The Partial Reinforcement Effect

        A final basic phenomenon we will discuss in this section involves the partial reinforcement effect. Skinner and his colleagues studied various aspects of reinforcement-based learning under what they claimed were 'real-world' conditions. Specifically, they asked what would happen to learning when reinforcers appeared on only some trials. The findings were quite interesting. Namely, with partial reinforcements, there was greater resistance to extinction.

        We will look at partial reinforcement in more detail in a later chapter. For now, let me mention that a number of variables interact with partial reinforcement. In particular, amount of reinforcement will prove to play a pivotal role. In studies such as those conducted by Roberts, we find that animals that have been continuously reinforced will display increased resistance to extinction with small reinforcers. Roberts looked at extinction of alleyway running in rats whose reinforcers ranged from 1 to 25 food pellets. Over 36 extinction trials, there was little evidence of a change in the 1-pellet group, whereas the 25-pellet group was performing at well less than half their rate prior to extinction. However, this effect appears to depend on how much training an animal has had during the acquisition phase; it assumes a fairly substantial amount of acquisition (see D'Amato). In contrast, animals that have been partially reinforced will display increased resistance with large reinforcers (see, for example, Ratliff and Ratliff). The first result, in particular, strikes many people as counterintuitive on first coming across it. After all, shouldn't large reinforcers result in better learning, and shouldn't better learning be longer-lasting learning?

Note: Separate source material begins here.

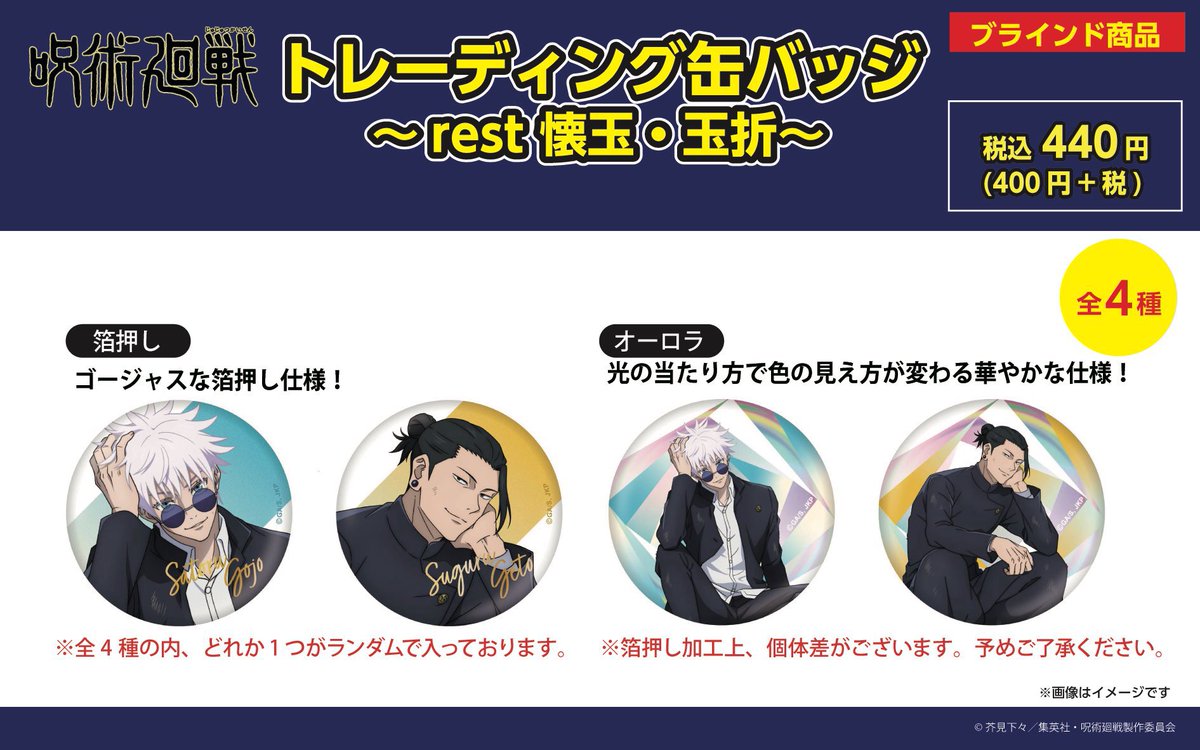 ブランド通販 PLAZA（プラザ） 呪術廻戦 على  X: ピンズ・ピンバッジ・缶バッジ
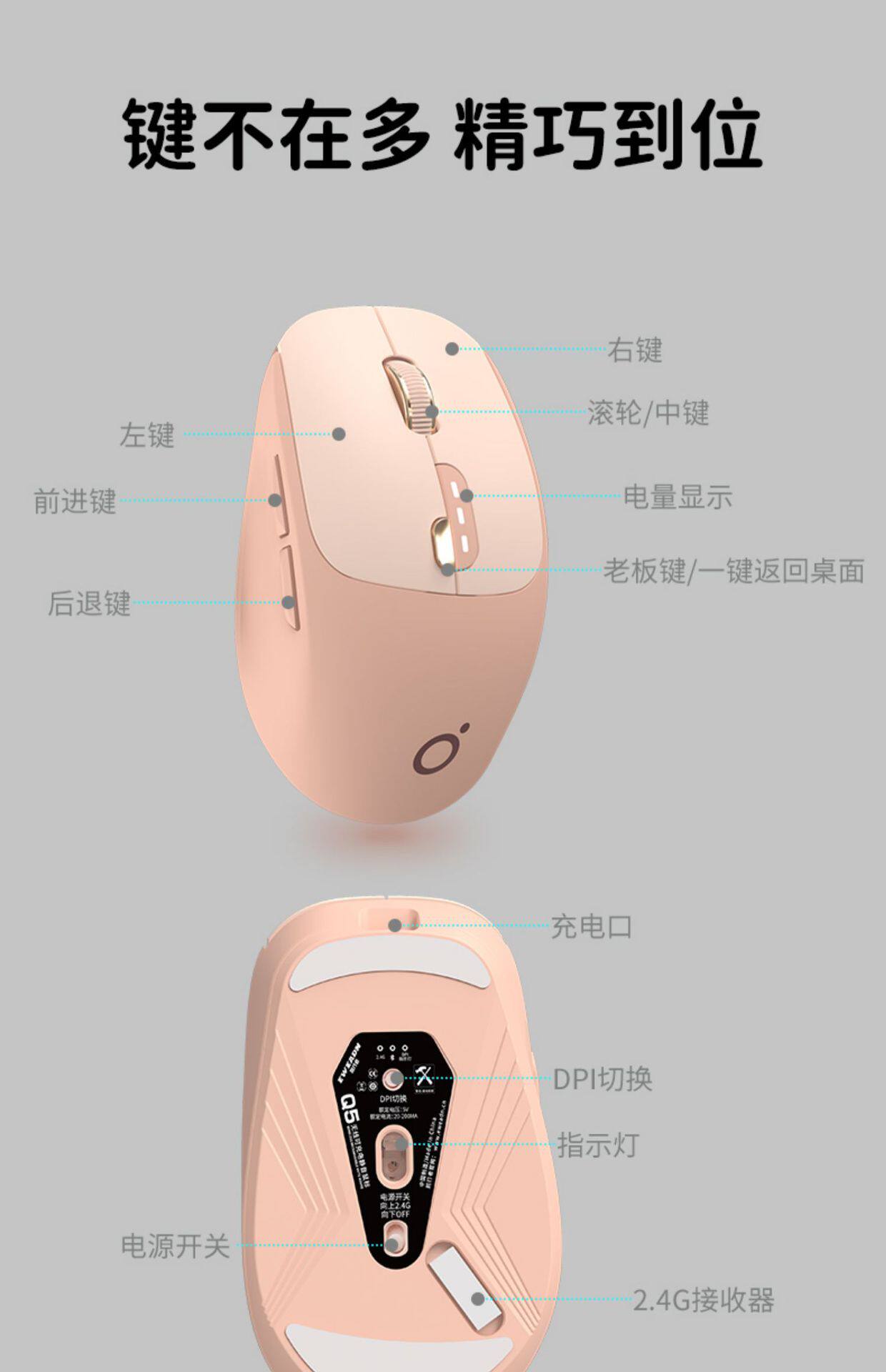 Проводная мышь 泉罗技术q5无线鼠标蓝牙双模适用笔记本静音办公可充电竞技滑鼠标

        There are in fact a number of explanations for the partial reinforcement effect. For the moment, however, I will mention one to help you remember the results. This is Amsel's Frustration Hypothesis, cited in the first chapter. According to Amsel, continuously reinforced animals will experience more frustration when they lose a large reinforcer. And since frustration acts as an aversive stimulus, these animals will avoid whatever it is that is causing the frustration. So, with more frustration, there is faster learning of avoidance. But in contrast, animals in partial reinforcement are being trained to tolerate frustration. With larger reinforcers, they are trained specifically to handle greater and greater frustration. Thus, when they are placed in the highly frustrating situation of extinction (in which the expected reward fails to materialize), they will be better able to adapt to this situation.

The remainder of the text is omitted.